Infatti, già in data anteriore al d. lgs. 150/2011, la Suprema Corte sosteneva che “Nelle controversie soggette al rito del lavoro, l’omessa lettura del dispositivo all’udienza di discussione determina la nullità della sentenza, da farsi valere secondo le regole proprie del mezzo di impugnazione esperibile, in base al principio generale sancito dall’art. 161, comma primo, cod. proc. civ., senza che il giudice di secondo grado, che abbia rilevato tale nullità, ove dedotta con l’appello, possa né rimettere la causa al primo giudice – non ricorrendo alcuna delle ipotesi di rimessione tassativamente previste dagli artt. 353 e 354 cod. proc. civ. – né limitare la pronunzia alla mera declaratoria di nullità, dovendo decidere la causa nel merito; pertanto, qualora il giudice d’appello proceda all’esame delle altre censure dedotte con l’impugnazione, difetta l’interesse a far valere come motivo di ricorso per cassazione la nullità della sentenza di primo grado in quanto non dichiarata dal giudice d’appello, perché l’eventuale rinvio ad altro giudice d’appello porterebbe allo stesso risultato già conseguito con la pronuncia su tutti i motivi di impugnazione.”[14]
Come è noto, la nullità di un atto è la conseguenza che scaturisce dalla violazione di norme processuali, tali da rendere l’atto non idoneo al raggiungimento dello scopo che gli viene assegnato dalla legge.
Il Codice di procedura civile disciplina la nullità degli atti agli artt. 156 e 161 c.p.c.[15]; infatti, salvo che non sia la legge a comminare la nullità di un atto, questa non può è essere fatta valere diversamente.
Inoltre, nello scenario del processo civile[16], la nullità si atteggia diversamente dall’ambito civilistico sostanziale, poiché, se l’atto ha comunque raggiunto lo scopo[17] a cui è destinato, la nullità non può essere pronunciata, in ragione del principio di strumentalità delle forme e di idoneità al raggiungimento dello scopo. [18]
Volendo provare a definire un criterio di orientamento nella definizione dello scopo, non si può osservare il singolo atto; risulta necessario indagare al procedimento in cui esso si inserisce.
È fondamentale, infatti, volgere lo sguardo al ruolo, inteso in senso dinamico, che l’atto svolge all’interno del processo e il momento in cui interviene.[19]
Nel caso di specie, in materie disciplinate dal rito lavoro, la mancata lettura del dispositivo in udienza, è causa di nullità insanabile[20].
La nullità della sentenza, in una vicenda di questo genere, viene tipicamente definita c.d. diretta dell’atto, e cioè derivante dal difetto di un requisito essenziale della sentenza, intesa come atto processuale.

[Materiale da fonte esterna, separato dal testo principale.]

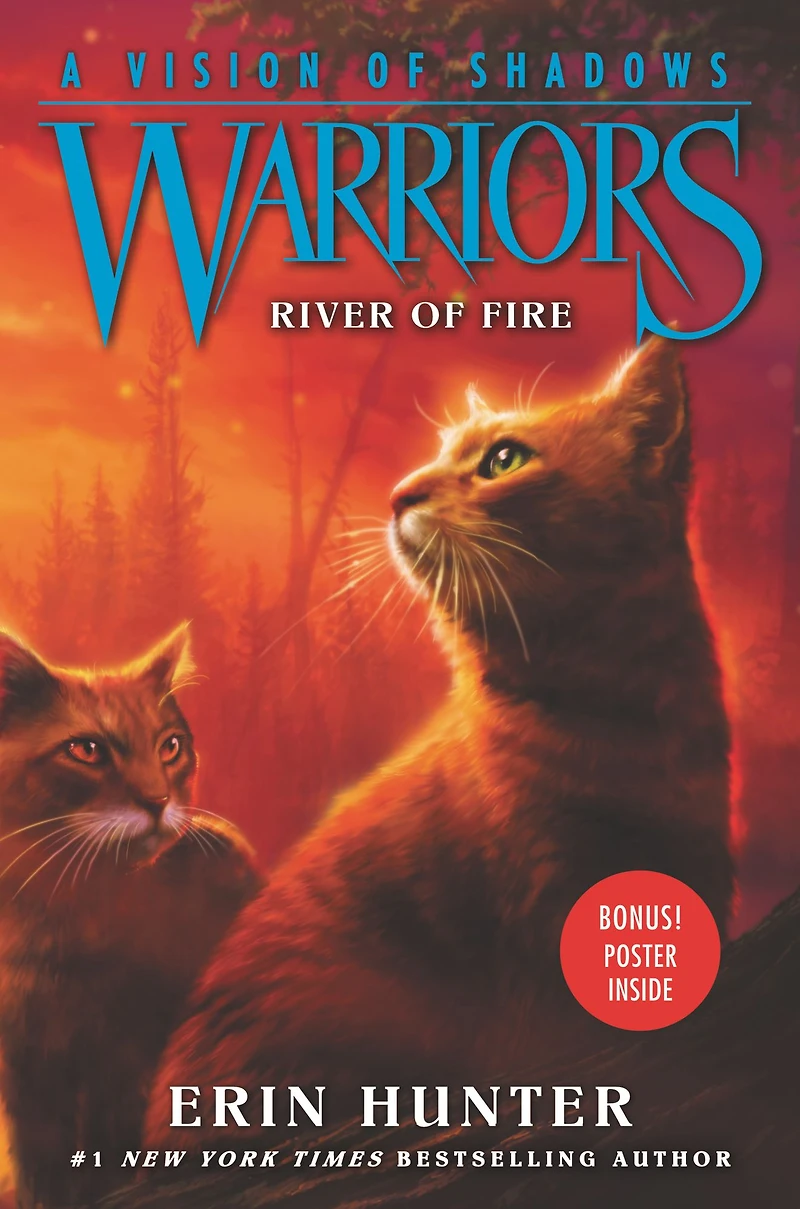 River of Fire (Warriors: A Vision Shadows Series #5)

L’art. 161 c.p.c. disciplina le conseguenze della nullità della sentenza, ma, proseguendo con l’esegesi di tale articolo, non si rinviene alcuna nuova definizione di nullità, tanto meno viene qualificato il momento in cui essa si verifichi.
Infatti, si fa un rimando alle tematiche generali sulla nullità, che sono state brevemente richiamate.
La giurisprudenza ha diffusamente trattato la tematica della c.d. nullità diretta e lo ha fatto anche in riferimento alla mancata lettura del dispositivo nel rito lavoro, precisando altresì che la lettura del dispositivo può risultare dalla stessa sentenza e non è necessario sia avvenuta alla presenza dei difensori ovvero ad altra udienza, successiva a quella di discussione. [21]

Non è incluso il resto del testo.